Dr. Haitami Salim, Direktur Pascasarjana STAIN Pontianak, pun demikian ikut bicara dalam acara itu. “Persoalan kualitas sambil jalan, yang penting bukti buku sudah jadi”, tandasnya.
Dengan berapi-api ia menekankan betapa pentingnya sebuah karya dibukukan yang kelak menghidupkan penulisnya yang telah tiada. Ia mencontohkan bahwa orang sekarang kenal dengan Imam al-Ghazali bukan karena bertemu langsung, melainkan karena karya-karyanya yang ditinggalkan. Dengan kata lain, orang kenal
al-Ghazali karena mempelajari Ihya ‘ulumuddin masterpiecenya.
al-Ghazali karena mempelajari Ihya ‘ulumuddin masterpiecenya.

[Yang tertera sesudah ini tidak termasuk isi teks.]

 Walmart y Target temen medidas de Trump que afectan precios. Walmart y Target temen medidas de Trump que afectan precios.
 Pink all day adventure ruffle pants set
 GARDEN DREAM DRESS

Dedy Ari Asfar yang termasuk pendorong Club Menulis menilai bahwa buku sebagai sebuah karya merupakan amal soleh bagi penulisnya yang kelak bermanfaat bagi kehidupan. Ia mencontohkan virus man jadda wajada (barang siapa bersungguh-sungguh maka bakal mendapatkan) kini terpapar ke semua orang karena sebuah buku novel Lima Menara karya Ahmad Fuadi.
Sudah barang tentu Dr. Yusriadi begitu terlihat sumringah-renyah atas peluncuran beberapa buku Club Menulis. Bang Yus sapaan akrabnya sebagai motor penggerak, memang berhak untuk gembira karena tujuan capacity building (baca: kemampuan menulis) telah membuahkan hasil yang maksimal. Rasanya Bang Yus juga setuju bahwa tujuan yang telah dicapai oleh Club Menulis bukan menjadi akhir, tetapi justru awal untuk mencapai tujuan-tujuan berikutnya. Sebagai mana kata penyair Inggris T.S. Elliot, everything is end in a new beginning.

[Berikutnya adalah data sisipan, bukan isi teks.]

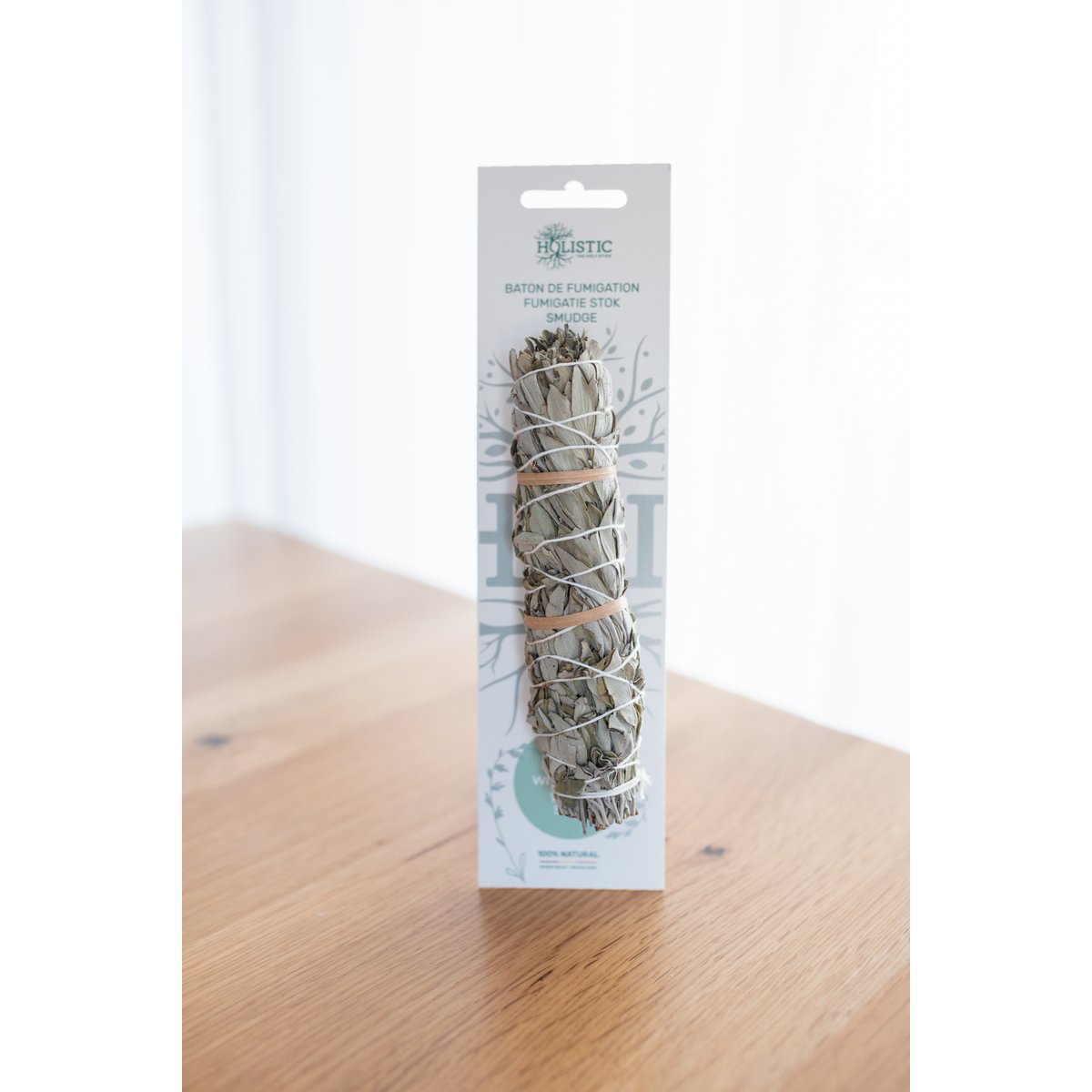 White Sage's Sage Smudge - White Sage Fumigation Stick (Salvia Apiana)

Tidak kalah penting, peluncuran buku Club Menulis merupakan persiapan dini para anggotanya untuk meninggalkan warisan kelak. Warisan buku bakal tidak mudah musnah, tidak hanya bermanfaat bagi anak-cucunya kelak, tetapi bagi generasinya mendatang. “Belum sempat menjadi warisan, buku-buku Club Menulis sudah dimanfaatkan orang lain”, kata Bang Yus.
Sebaliknya, warisan harta rentan musnah dan hanya bermanfaat bagi anaknya saja, belum tentu ke cucunya. Yang jelas, peninggalan buku akan menjadi warisan peradaban (civilization heritage) kelak.